Why Programmatic Advertising Is Important for Advertisers

Before programmatic advertising, it was difficult for advertisers to access ad inventory. This meant that 60% of publisher ad space went unsold. Automation helped to solve the problem by making it much easier to understand and buy ad inventory.

For advertisers, the benefits of programmatic advertising include:

  • Ability to scale - allows advertisers to reach a large audience by purchasing ad space from any ad inventory available, rather than being limited as they might have been before.
  • Real-time flexibility - advertisers can make real-time adjustments to ads based on their impressions, and they can take advantage of a broad range of targeting criteria.
  • Targeting capabilities - With superior targeting, an advertiser's budget can be put to better use and spent more efficiently.
  • Efficiency. The process is more streamlined, and more relevant ads are served through targeting. Access to a large pool of publishers means advertisers can get a better return on their investment, while publishers can maximise their revenue too.

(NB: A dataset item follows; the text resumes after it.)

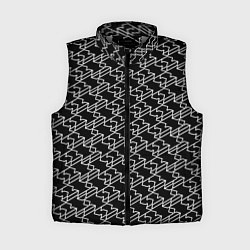 Женский жилет Киберпанк линии белые, цвет: 3D-светло-серый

Why Programmatic Advertising is Important for Publishers

With the right tools, programmatic advertising protects publishers, can keep their readers in mind and host ads that are relevant to them. They can also access deals that bring them higher revenues and maximise revenue through different types of bidding, such as header bidding and exchange bidding.

For publishers, the benefits of programmatic advertising include:

  • Simplicity - programmatic advertising makes it so much simpler to sell advertising space. Publishers are able to optimise their ad sales with automation tools that reduce the time investment required to find advertisers.
  • Communication - publishers can communicate and collaborate with advertisers with ease, ensuring both the publisher and the advertiser benefit.
  • Relevancy - when visitors come to a publisher's site, they will be served with ads that are relevant to them because they are part of the target audience of the advertiser. Programmatic advertising gives you demand to access to a range of publishers, removing the need for back-and-forth phone calls, emails, or other slow forms of negotiation.
  • Efficiency - it can lower costs and raise margins for publishers, helping them to earn more from their available ad space.

Digital Advertising vs Programmatic Advertising

While digital advertising hopes to have a wide reach and find the correct audience, programmatic advertising uses precise targeting tactics to segment the audience with real data.

Programmatic advertising combines the best elements of tech advancements and human knowledge and expertise to make it easier to buy, place, and optimise ads.

Publift's case studies show you some excellent examples of programmatic advertising, plus you can see our broad range of clients too. Take a look at how clients such as Envato and OzBargain have benefited from using programmatic advertising, allowing the publishers to control what appears on their site and optimise their revenue from ads.

Programmatic Advertising Trends

What's next for programmatic advertising?

Technologies such as machine learning and artificial intelligence are having an impact on everything, and programmatic marketing is no different. As well as technology, trends in programmatic advertising are influenced by best practices, changing attitudes, and trends in other areas.

  • Artificial Intelligence (AI) - artificial intelligence and machine learning can be used to find patterns and predict results better in real-time along multiple data points, improving speed, scalability and effective ad placements.
  • Personalisation - customisation makes it possible for advertisers to offer highly relevant and personalised ads to their targeted groups, which is also beneficial for publishers, through dynamic ad experiences with dynamic creative optimisation. is one option for customising advertising.
  • Preventing Ad Fraud - Digital ad fraud is a problem that the marketing industry is battling against. Estimates for the amount of money lost to ad fraud range from US$6.5 billion to US$19 billion, according to eMarketer. There are several solutions being used in programmatic advertising to help prevent fraud, including blockchain and an initiative called ads.txt.